The Making of Maroon 5’s Call and Response: An Oral History


Conceived over the summer of ’08 as a fourth quarter game-changer, Maroon 5’s Call and Response inexplicably gathered such disparate talents as Of Montreal and Deerhoof, Just Blaze, Pharrell Williams, Cool Kids, and Cut Copy together, in the same place. Here now, for the first time, is the story of the making of the album. Some of the characters may in fact be fictional; all of the quotes are complete fantasy.–Chris Ryan

Terry “Doc” Eagleton [Maroon 5 manager]: The idea came some sorry late-summer Saturday night. Me and Walt, M5’s A&R were out with an intern named Leslie, trying to see the bright lights. The Cuervo Gold; the fine Colombian. We were plotting the jump to Santos, and wondering for the 38th time how all the women in New York City agreed, simultaneously, to tuck their jeans into their boots. Leslie starts singing faux-falsetto, “you keep me coming back for more.” Her phone rings. It’s a home-made midi file ringtone of Cut Copy’s “In Ghost Colours,” and–rush of blood to the head time–the idea hits.

Walt “All About the” Bejamin-Brezhner: : Everybody likes “all types of stuff,” and nobody doesn’t like Maroon 5.And what if there was an excuse for all types of stuff to be on one record? And what if Maroon 5 was the ostensible reason for this gathering of tribes that are frequently found on the same MP3 blog but have never yet shared the same physical space?

Eagleton: It was an iTunes playlist from a Sarah Lawrence sophomore masquerading as a physical product. Nobody goes to Pitchfork because Chicago is the Paris of the Rust Belt. Fuck no! They go to hear W.C. perform all of Ghetto Heisman in a field because it’s real and it’s happening. And it doesn’t even matter how it sounds because you were there and that’s what you’ll remember. That was the guiding philosophy behind the album.
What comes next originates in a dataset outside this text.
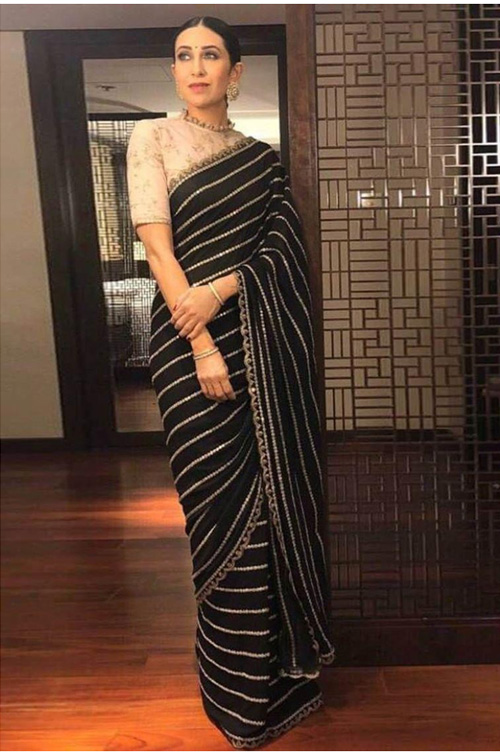 Karishma Kapoor In Black Saree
Benjamin_Brezhner: We got pretty much everyone we were gunning for except for David Foster and Thomas Brinkmann.

Eagleton: Who gave a fuck what it sounded like! They could’ve gotten whoever they wanted as long as they fit this elegant equation of artists. Cool Kids?! Fine! Jay & The Americans?! Sure!

Chuck English [Cool Kids]: Text is malleable.

Pharrell Williams: I’ve been trying to sound like Maroon 5 since before there was a Maroon 5 so you can imagine this was some circle of life shit wherein I got to play Simba.

Just Blaze: I was salty about Brinkmann dropping out; that was actually the big draw for me. So, between you me and Google, I kinda phoned it in with a Saigon demo from ’04.

Adam Levine [Maroon 5]: I really like wall-climbing to Holdy Paws. That was my rationale for the project. I was also curious to see what people would do with our songs; what jewels would be wrought from such raw materials.

Benjamin-Brezhner: The Cut Copy remix sounds like what you would want being in a cab with a girl with her jeans tucked into her boots going out for the weekend, trying to make tonight a wonderful thing to sound like. Which is to say, it sounds like New Order. Shuffle on.